Scraped caption text data:
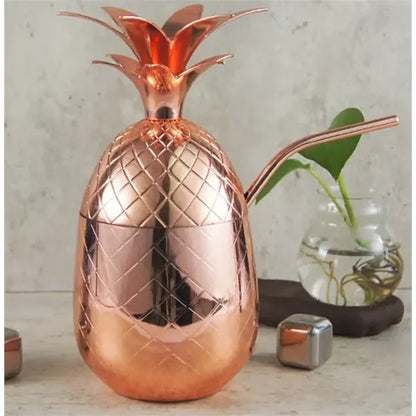 16oz Pineapple Metal Cup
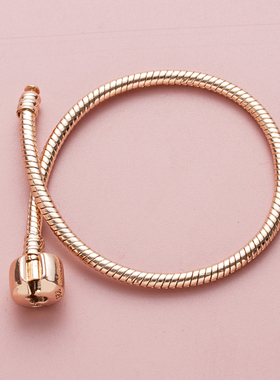 简约diy镀金蛇骨基础手链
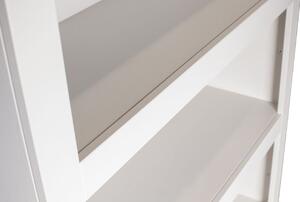 Hoorns Bona szürke-fehér fenyő könyvespolc 107 x 39 cm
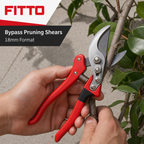 96 Pieces Bypass Pruning Shears 18mm, 8 Inch, Red Blue Silver, 1 Piece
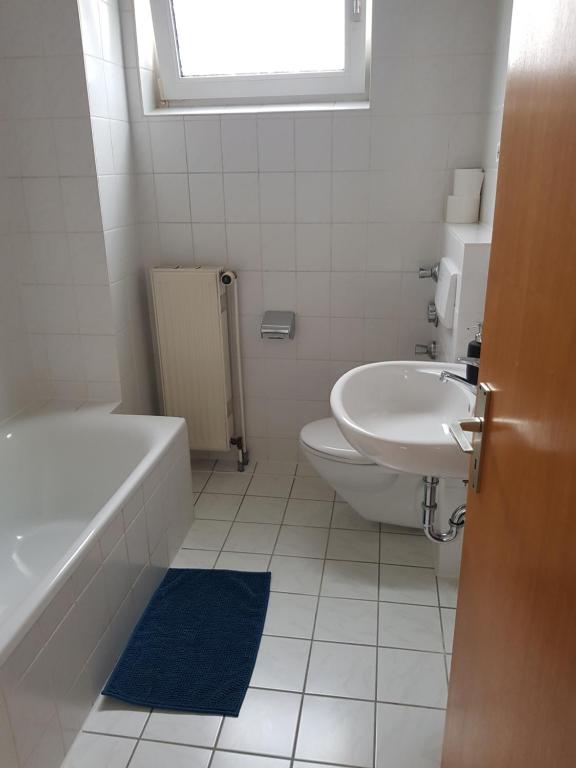 Koupelna v ubytování Vermietung-Maintal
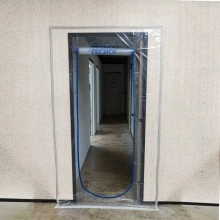 Protector antipolvo con cremallera para puerta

WHAT YOU ARE ASKED TO DO: Write out every entry above exactly as it stands, minus the pictures.

YOUR RESPONSE:
 16oz Pineapple Metal Cup
 简约diy镀金蛇骨基础手链
 Hoorns Bona szürke-fehér fenyő könyvespolc 107 x 39 cm
 96 Pieces Bypass Pruning Shears 18mm, 8 Inch, Red Blue Silver, 1 Piece
 Koupelna v ubytování Vermietung-Maintal
 Protector antipolvo con cremallera para puerta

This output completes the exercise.